#### PROBLEM TO WORK ON
Your response should consist of every line below, reproduced without alteration.

---*---

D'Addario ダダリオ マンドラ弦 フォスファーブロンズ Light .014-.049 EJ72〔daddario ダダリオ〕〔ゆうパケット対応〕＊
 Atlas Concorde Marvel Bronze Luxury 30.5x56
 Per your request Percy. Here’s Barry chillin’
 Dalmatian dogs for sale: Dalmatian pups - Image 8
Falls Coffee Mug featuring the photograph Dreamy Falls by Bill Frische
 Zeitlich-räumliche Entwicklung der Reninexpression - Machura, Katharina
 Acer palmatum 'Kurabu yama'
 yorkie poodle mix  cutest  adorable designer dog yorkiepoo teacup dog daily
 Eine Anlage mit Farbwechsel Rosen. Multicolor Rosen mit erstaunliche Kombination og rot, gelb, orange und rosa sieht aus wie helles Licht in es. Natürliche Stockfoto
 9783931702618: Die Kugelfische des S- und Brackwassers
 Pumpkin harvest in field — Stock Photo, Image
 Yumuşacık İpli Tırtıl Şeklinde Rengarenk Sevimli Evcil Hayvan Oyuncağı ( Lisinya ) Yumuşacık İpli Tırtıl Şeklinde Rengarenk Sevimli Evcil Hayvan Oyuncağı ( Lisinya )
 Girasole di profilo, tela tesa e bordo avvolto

---*---

#### OUTPUT FOR THIS EXERCISE
D'Addario ダダリオ マンドラ弦 フォスファーブロンズ Light .014-.049 EJ72〔daddario ダダリオ〕〔ゆうパケット対応〕＊
 Atlas Concorde Marvel Bronze Luxury 30.5x56
 Per your request Percy. Here’s Barry chillin’
 Dalmatian dogs for sale: Dalmatian pups - Image 8
Falls Coffee Mug featuring the photograph Dreamy Falls by Bill Frische
 Zeitlich-räumliche Entwicklung der Reninexpression - Machura, Katharina
 Acer palmatum 'Kurabu yama'
 yorkie poodle mix  cutest  adorable designer dog yorkiepoo teacup dog daily
 Eine Anlage mit Farbwechsel Rosen. Multicolor Rosen mit erstaunliche Kombination og rot, gelb, orange und rosa sieht aus wie helles Licht in es. Natürliche Stockfoto
 9783931702618: Die Kugelfische des S- und Brackwassers
 Pumpkin harvest in field — Stock Photo, Image
 Yumuşacık İpli Tırtıl Şeklinde Rengarenk Sevimli Evcil Hayvan Oyuncağı ( Lisinya ) Yumuşacık İpli Tırtıl Şeklinde Rengarenk Sevimli Evcil Hayvan Oyuncağı ( Lisinya )
 Girasole di profilo, tela tesa e bordo avvolto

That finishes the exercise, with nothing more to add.